■ Task to complete: In the entries that follow, repeat exactly the lines from the one that has "PopSockets iPhone 17" through the one that has "King Cole Celestial", but omit pictures.

[Start of section]

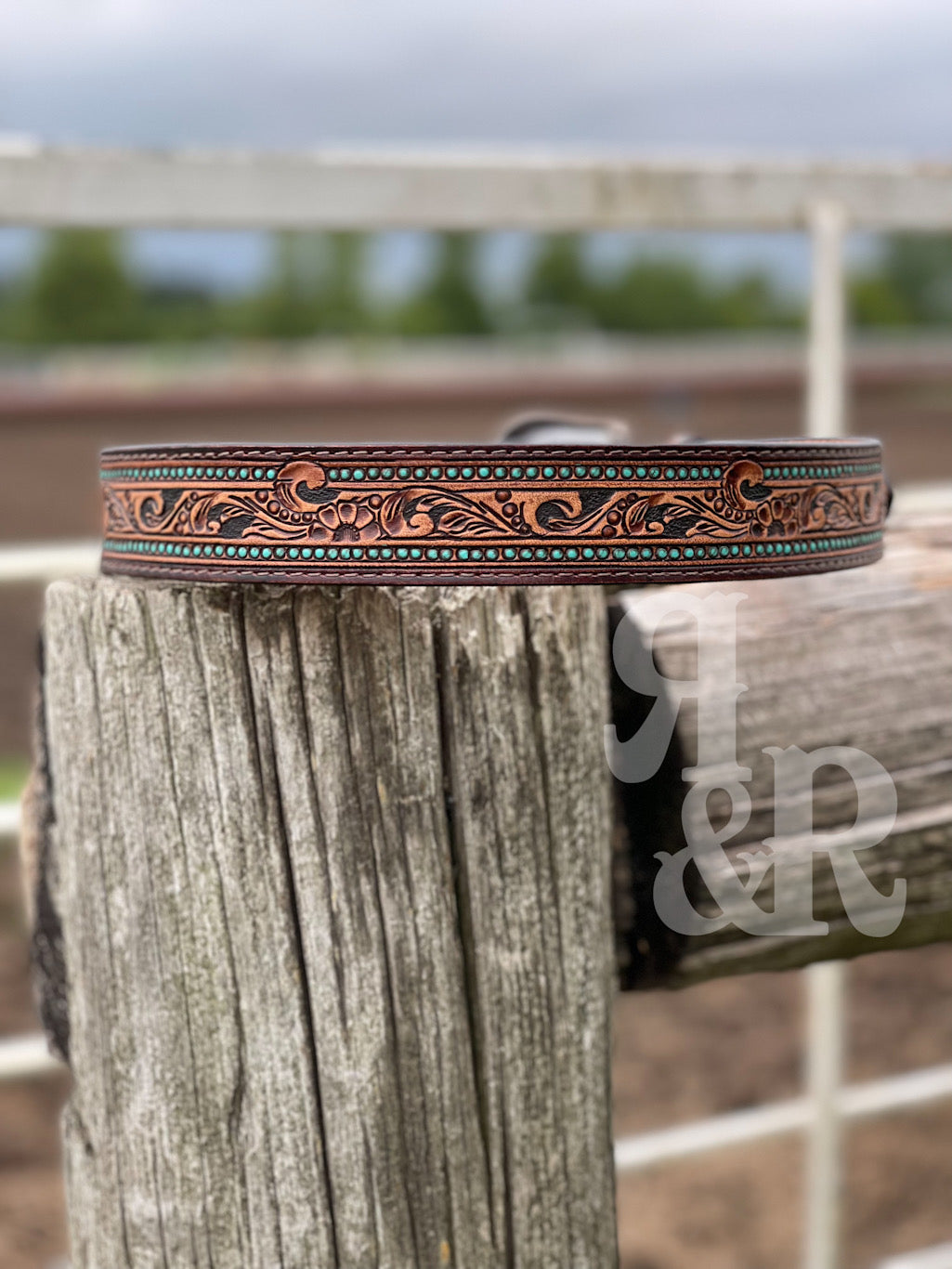 Turquoise Spot Tooled Leather Belts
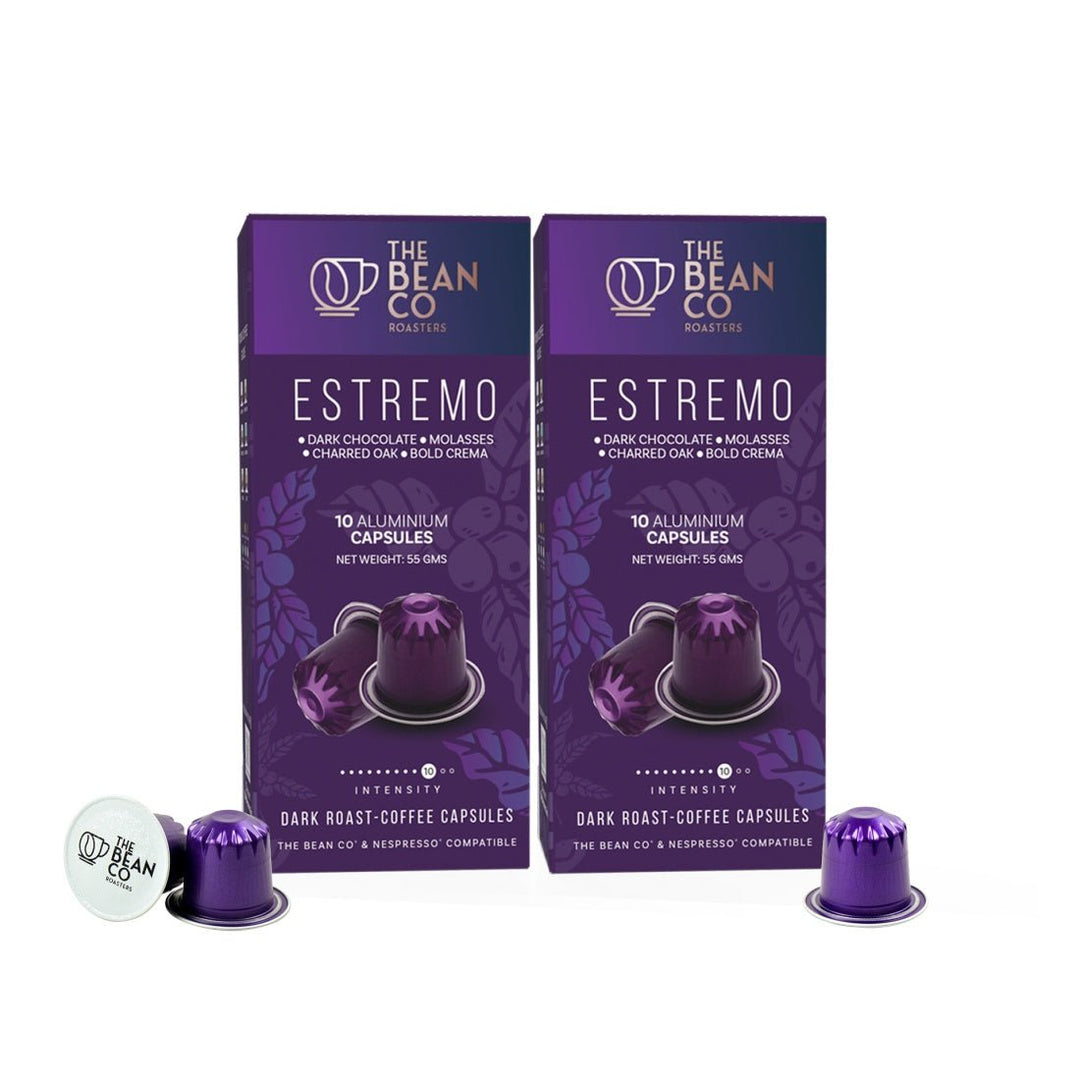The Bean Co Roasters Estremo Aluminium Coffee Capsules | Intensity 10 | Intense & Rich | Dark Roast | 100% Premium Arabica - Suspire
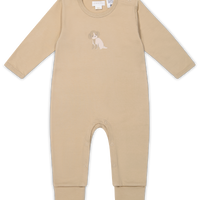 Rib Onepiece - Charlie the Dog Cashew Childrens Pyjama from Jamie Kay NZ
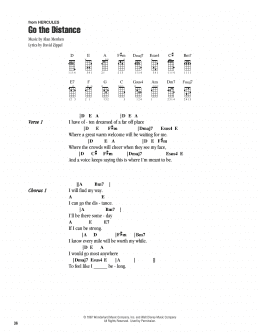 page one of Go The Distance (from Hercules) (Ukulele Chords/Lyrics)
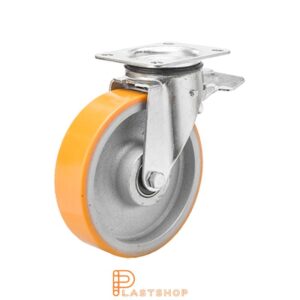 Bromsat länkhjul BP GJ/PUR 125/165,5, 400 kg, DKL, orange bana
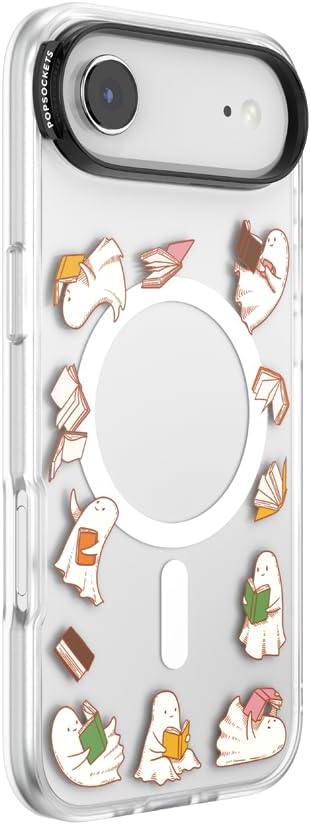 PopSockets iPhone 17 Air Phone Case with MagSafe- Spooky Book Club | Magnetic, Wireless Charging, Camera & Drop Protection, Witchy, Halloween, Horror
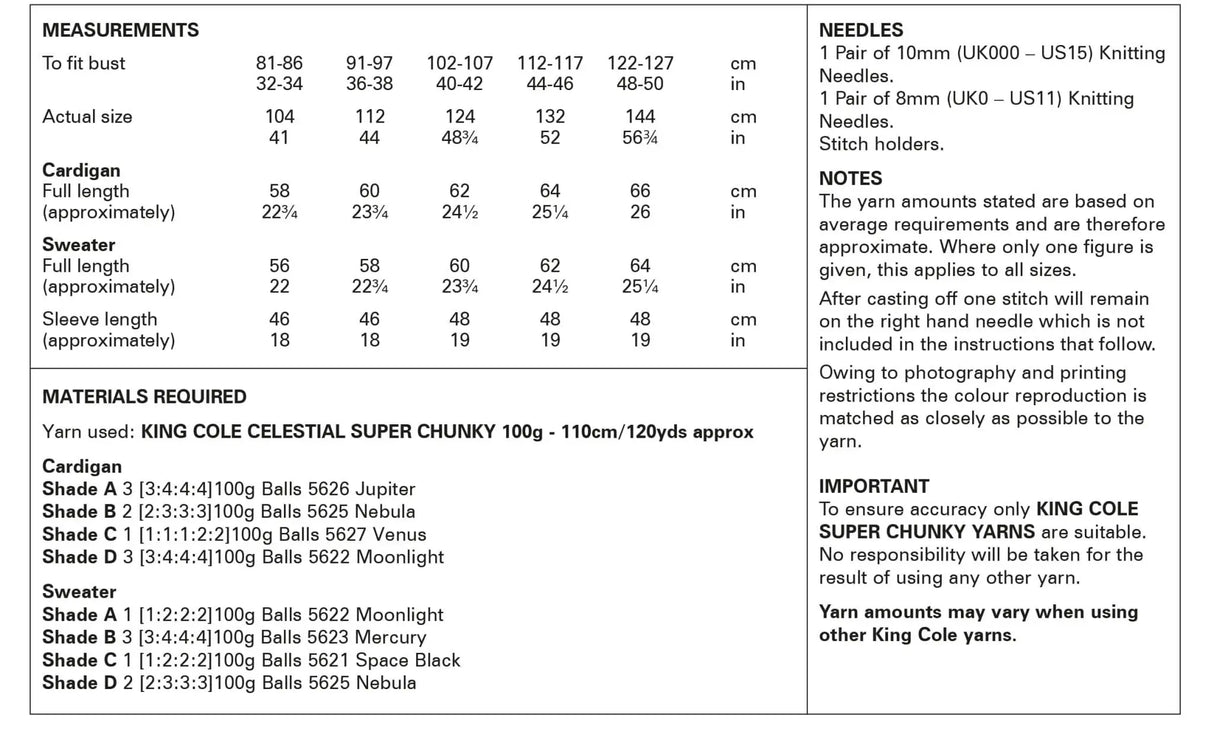 King Cole Celestial Super Chunky Cardigan and Sweater Pattern 6063*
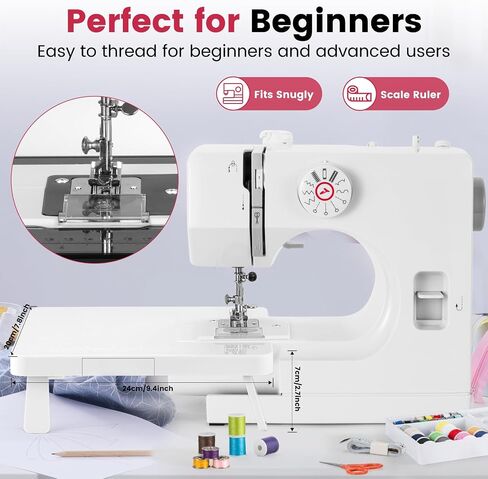 Sewing Machine with Extension Table, Mini Sewing Machines, Electric Portable Sewing Machines for Beginners, 12 Stitch Dual Speed with Foot Pedal & Sewing Kit, Ideal for Clothes, Pillowcases, Sheets in Kuwait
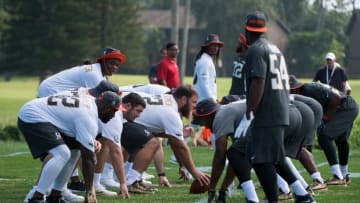 January 28, 2016; Kahuku, HI, USA; Team Irvin quarterback Teddy Bridgewater of the Minnesota Vikings (5) stands behind center Travis Frederick of the Dallas Cowboys (72) during the 2016 Pro Bowl practice at Turtle Bay Resort. Mandatory Credit: Kyle Terada-USA TODAY Sports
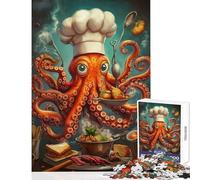 1000 Piece Jigsaw Puzzle for Teenagers Octopus Chef Fun Games Pattern Assembly DIY Toys Artists' Collection, Fine Arts (38x52cm)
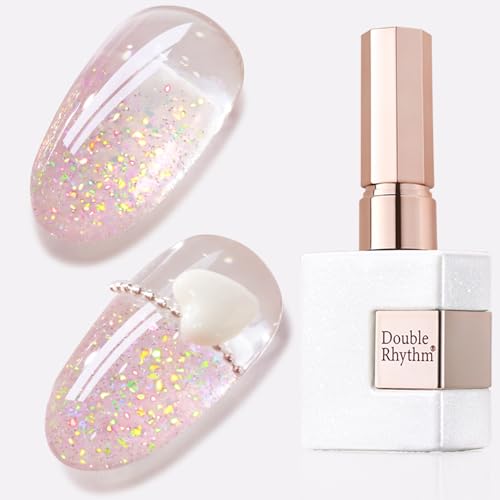 Double Rhythm 0.5Oz Glitter Gel Polish Shimmer Reflective Color for Nail Art Salon DIY Soak Off 15ml Nail Lamp Gel Polish at Home (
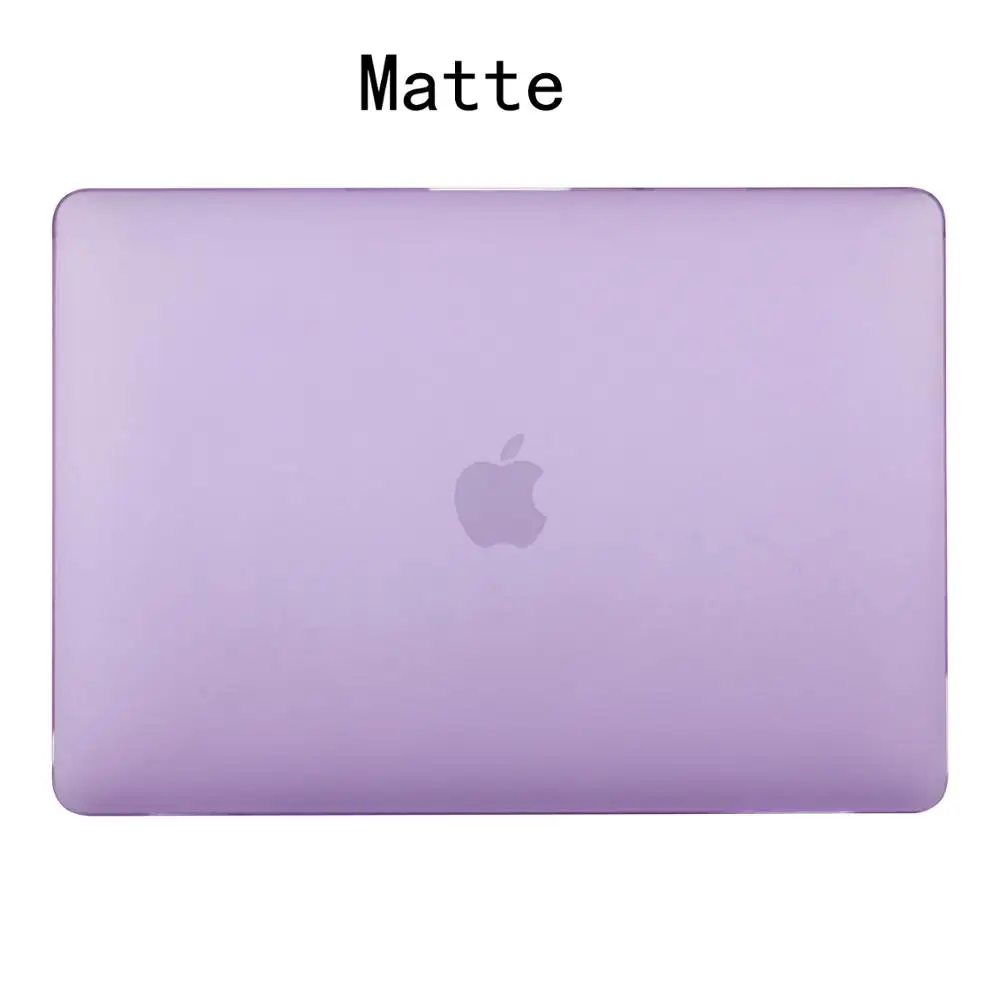 Matte Purple Матовый \ Кристальный чехол для Apple Macbook Air Pro retina 11 12 13 15 дюймов сумка для ноутбука, для нового Mac book Air Pro 13,3 чехол A1932 - Цвет: Matte Purple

[End of section]

■ Problem solution:
 PopSockets iPhone 17 Air Phone Case with MagSafe- Spooky Book Club | Magnetic, Wireless Charging, Camera & Drop Protection, Witchy, Halloween, Horror
 King Cole Celestial Super Chunky Cardigan and Sweater Pattern 6063*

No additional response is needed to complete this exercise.